Tüm bunları dikkate alarak, İzmir’de açılmakta olan şehir hastanesi sürecinde, halkın ve sağlık çalışanlarının en az mağdur olması ve farkındalığı arttırmak için İzmir Tabip Odası önderliğinde İzmir Şehir Hastanesi Platformu olarak iki gün süren Şehir Hastanesi Çalıştayı düzenlendi.
‘DENEYİMLER VE SOYGUNUN BOYUTU AKTARILDI’
Bu çalıştayda; bu hastanenin yer seçiminden mimari projesine, ihalelerinin şeffaflığından hukuki altyapıya, bu ihalelerle devletin yani bizlerin nasıl soyulduğundan halkın sağlık hakkına, sağlık çalışanlarının nasıl mağdur olacağına kadar her şey konuşuldu. Ankara, Antalya, Isparta, Bursa, Manisa şehir hastanelerinde çalışmış hekim arkadaşlarımız deneyimlerini aktarırdı. Ankara’da “Hastanelerimiz Kapatılmasın Platformu”nda mücadele eden arkadaşlarımız deneyimlerini paylaştı. Kamu özel ortaklığı ile yapılan otoyollar, köprüler ve hastaneler ile ilgili yıllardır çalışmalar yapan Prof. Dr. Uğur Emek Hoca’mız soygunun boyutunu aktardı.
Şehir hastaneleri deyince ilk aklımıza gelen Bursa Tabip Odası önceki dönem başkanlarımızdan ve pandemi döneminde de bizleri aydınlatan Prof. Dr. Kayıhan Pala, dünya ve Türkiye örnekleri ve verilen mücadeleyi anlattı. Önceki dönem TTB Başkanı Dr. Bayazıt İlhan bu süreçlerde Ankara’da verilen mücadeleyi aktarırken, sağlık çalışanlarının nasıl sorunlarla karşılaşacağını paylaştı. Yasal süreçler ve soyguna nasıl kılıf hazırlandığı Oda Avukatı Mithat Kara tarafından açıklandı. Çalıştaya katılan bilim insanları, şehir hastaneleri ihalelerinin şeffaflıktan ve kamu denetiminden ne kadar uzak olduğunu vurguladı.

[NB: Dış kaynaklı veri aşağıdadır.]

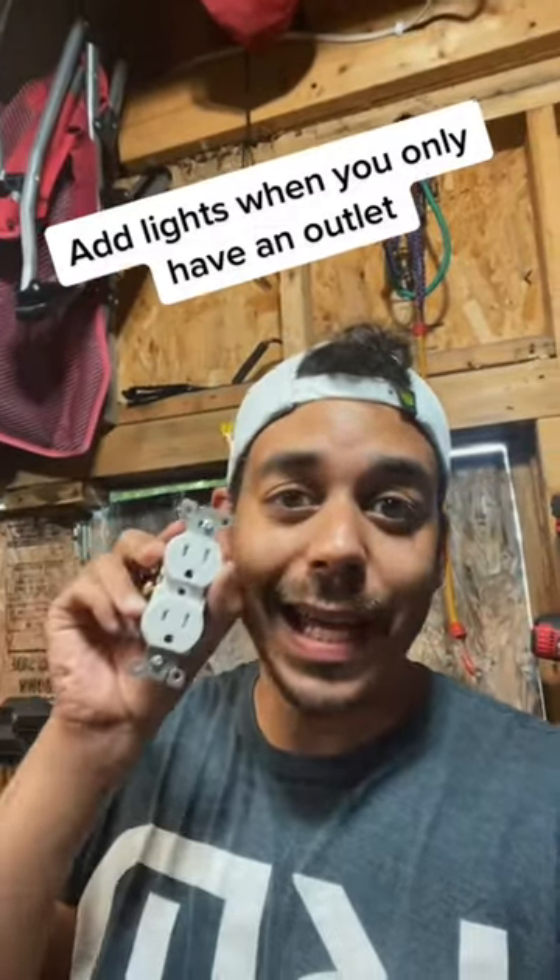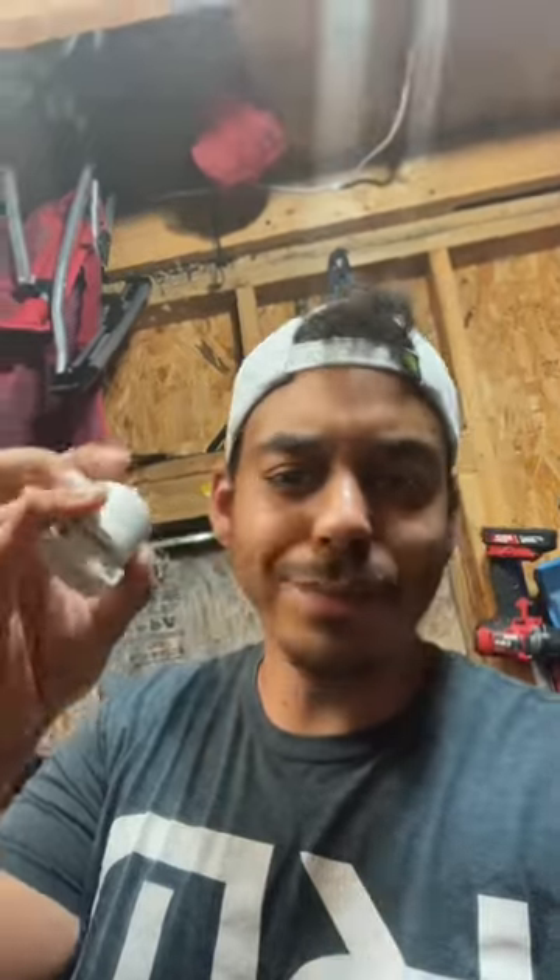This is how I added lights to my shed when I only had an outlet to plug into. This is what you're going to need: one of these from Home Depot — they're in the electrical aisle, about five bucks.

TTB MK Üyesi Dr. Nursel Şahin ve Ege Bölgesi Tabip Odası başkanları, değerli katkıları ile Türkiye genelinde ve kendi illerindeki şehir hastaneleri serüvenlerini bizlerle paylaştı. Gördük ki AKP, bu Truva Atı’nı ülkenin dört bir yanında, bir soygun düzeni kurmak için kullanmış!

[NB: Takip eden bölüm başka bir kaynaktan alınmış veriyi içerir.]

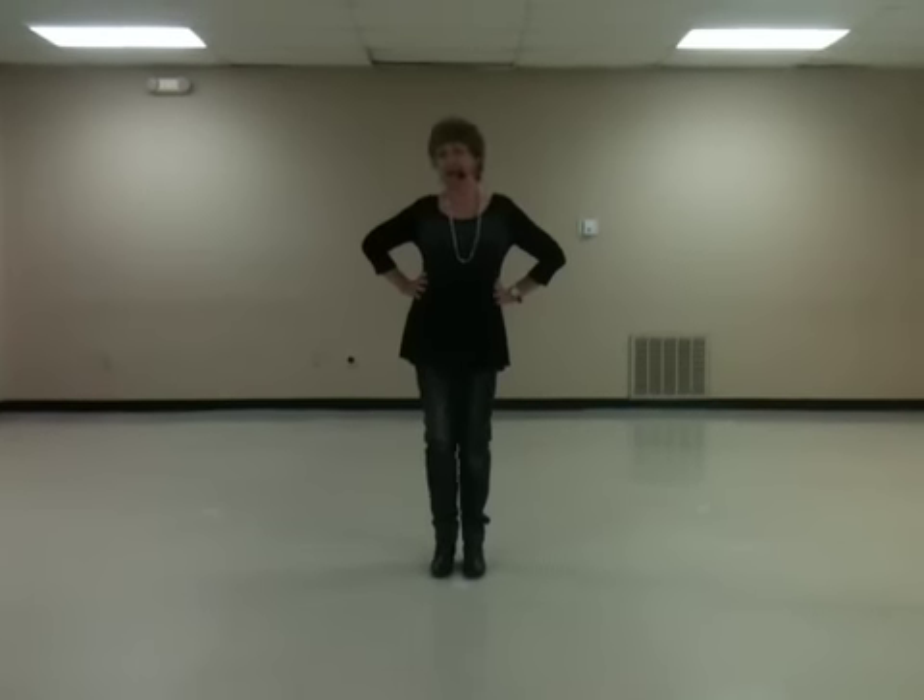Greetings, my name is Jean Cain. I'm an instructor for the Dixie Dancers, and we're posting some beginner dances so my beginner class will have a practice partner at home.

İzmir Mimarlar Odası Şube Başkanı İlker Kahraman ve ŞPO İzmir Yönetim Kurulu Üyesi Yusuf Ekici katkıları ile bizleri bilgilendirdi. İki bilim insanı da yapılan hastanenin projesi, büyüklüğü, yer seçimi, yapım maliyeti ve kullanım maliyeti gibi konularda, bilime ve akla uyulmadığını, yandaşlara büyük paraların transfer edildiğini vurguladı.
Bu çalıştayı planlarken, sevgili Kayıhan Pala’nın önerisi ile bugüne kadar yapılmış benzer çalıştaylardan farklı bir oturum yapmayı düşünmüştük. Siyasi partileri davet edelim, onlar 2023 seçimlerine hazırlanırken, şehir hastaneleri konusunda ne düşünüyorlar, bizlerle paylaşsınlar istedik. Bu konuda özellikle CHP ve İYİ Partiden davetlerimize yanıt alamayınca, bu oturumu iptal ettik. Oysa siyasi partiler için fikirlerini rahatça anlatacakları bir fırsat, bizim için de ufuk açıcı olacaktı.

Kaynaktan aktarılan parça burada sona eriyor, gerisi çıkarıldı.